Nomura Upgrades South African Platinum Producers

Platinum production

VENTURES AFRICA – Leading financial services group Nomura upgrades its ratings of top South African platinum producers as strikes come to an end, prompting hikes in share prices.

As strikes that have been plaguing the whole span of South Africa’s industry draw to a close, leading financial services and investment banking group Nomura today chose to change its ratings for a number of top South African platinum producers.

In a research note to investors sent out today, Nomura raised ratings for Anglo American Platinum (Amplats), Impala Platinum (Implats), Lonmin, and Aquarius Platinum.

Amplats saw its ratings go up from “reduce” to “neutral”, prompting a 3 percent rise in share prices on the news of the upgrade, with shares trading at 380.96 rand ($43.16) in Johannesburg.

Implats also received the green light for investors, with a new rating of “buy”, increased from the previous “reduce” rating.
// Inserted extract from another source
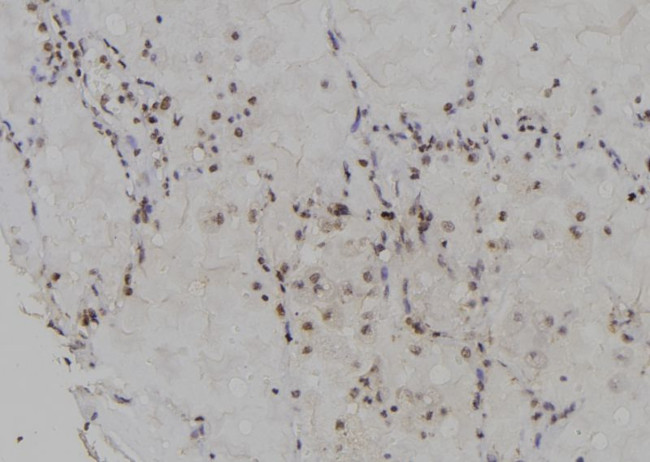 DCK Antibody in Immunohistochemistry (Paraffin) (IHC (P))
In turn, Implats also saw share prices grow by 2.8 percent following the upgrade, trading at 146.83 rand ($16.64) on the JSE.

Meanwhile, infamous platinum producer Lonmin also merited a re-grade in the advice to investors, upgraded to “buy” from the previous “reduce” rating. Stock in the platinum miner – which signed a wage agreement with striking miners in October, providing for increases of between 11 and 22 percent prompting the wide-spread “copy-cat” strikes – also grew, trading at 69.49 rand ($7.88): an increase of 4.4 percent.

Junior miner Aquarius Platinum received an upgrade to “buy” from “neutral”, prompting stock in London to soar 8.64 percent on news of the re-grade, shares trading at 41.0125 Pounds ($65.22).

The news will be welcome to the South African platinum industry, which has seen significant dents to output over the past months while production was halted due to illegal strikes by the work force.

UK-based experts Johnson Matthey have estimated that South African output will take a 12 percent hit for 2012, with a predicted production of only 4.25 million ounces of platinum for the year.

As such, it is thought that the global platinum market will experience a 600,000 ounce reduction in output globally for the year, which will level out at 5.84 million ounces – the losses largely attributable to the South African shortfall.